Sir, - Two letters on immigration in your columns invite response. Gerry Loughrey (March 31st) talks of the 90 per cent or so refusal rate of asylum-seekers, as if it were a peculiarly Irish phenomenon. On the contrary, it is the norm. He talks of Irish people applying for visas to the USA in the 1980s. That is precisely the point: they asked permission to immigrate and did not use the asylum process to circumvent immigration law - the modern form of invasion. As for work permits for non-nationals, we are part of an EU labour market with 11.8 per cent unemployment. If that cannot fill the labour needs of a country which composes 1 per cent of the EU, it is very strange. As John O'Donoghue said in the Dail in March 1998, "No European country actively seeks migrant labour from outside the EU".

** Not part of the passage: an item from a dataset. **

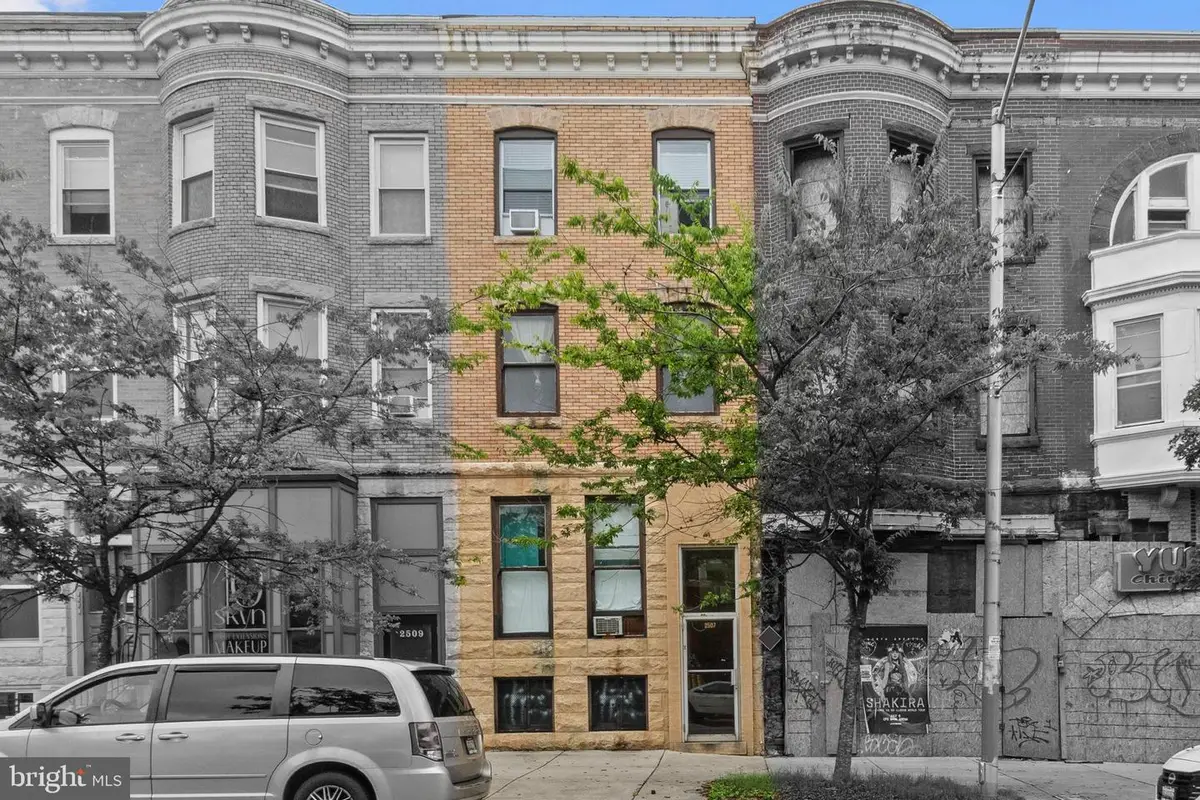 2507 N Charles St, Baltimore, MD 21218 - #1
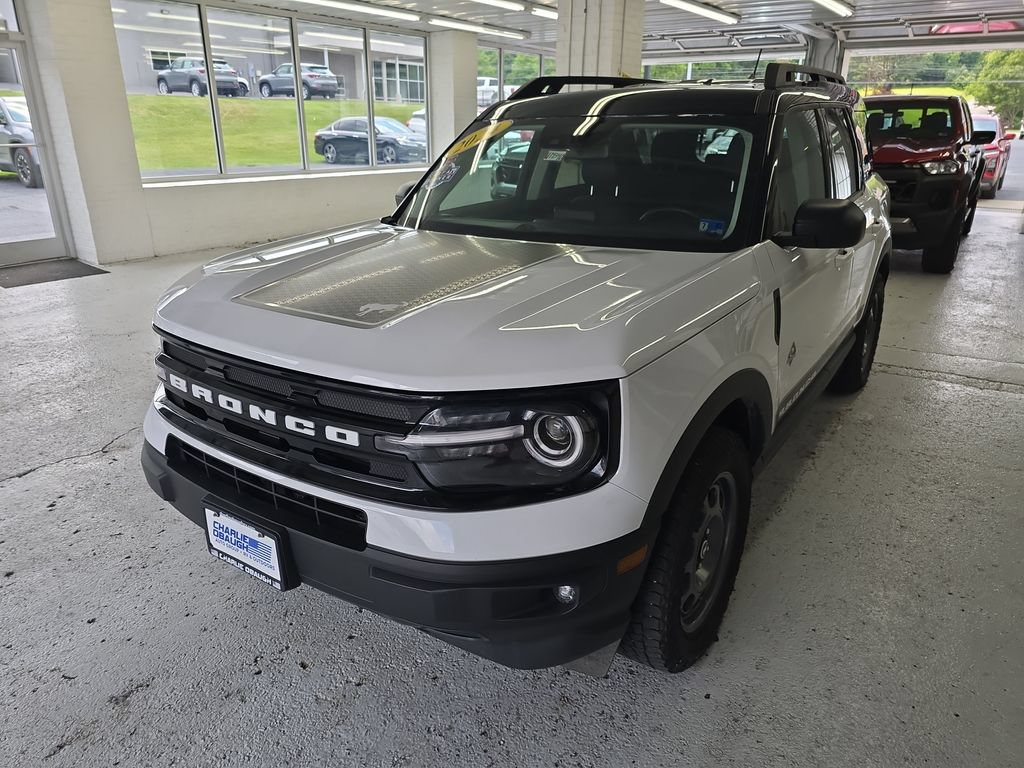 Certified 2024 Ford Bronco Sport Outer Banks AWD/4WD image 1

He urges us in his final paragraph to be "mature Europeans" and accept political and - note - economic refugees. If he looks at almost any country in Europe he will see the "mature Europeans" tearing their hair out in a desperate effort to find some way to cope with the unwanted influx.
Of Sean Crudden's letter (April 1st - or is that the point?) there is nothing to be said of his Trotskyist agenda other than that is so far off the political scale that it will find infinitesimal representation in this country. - Yours, etc.,
Aine Ni Chonaill, PRO, Immigration Control Platform, Dublin 2.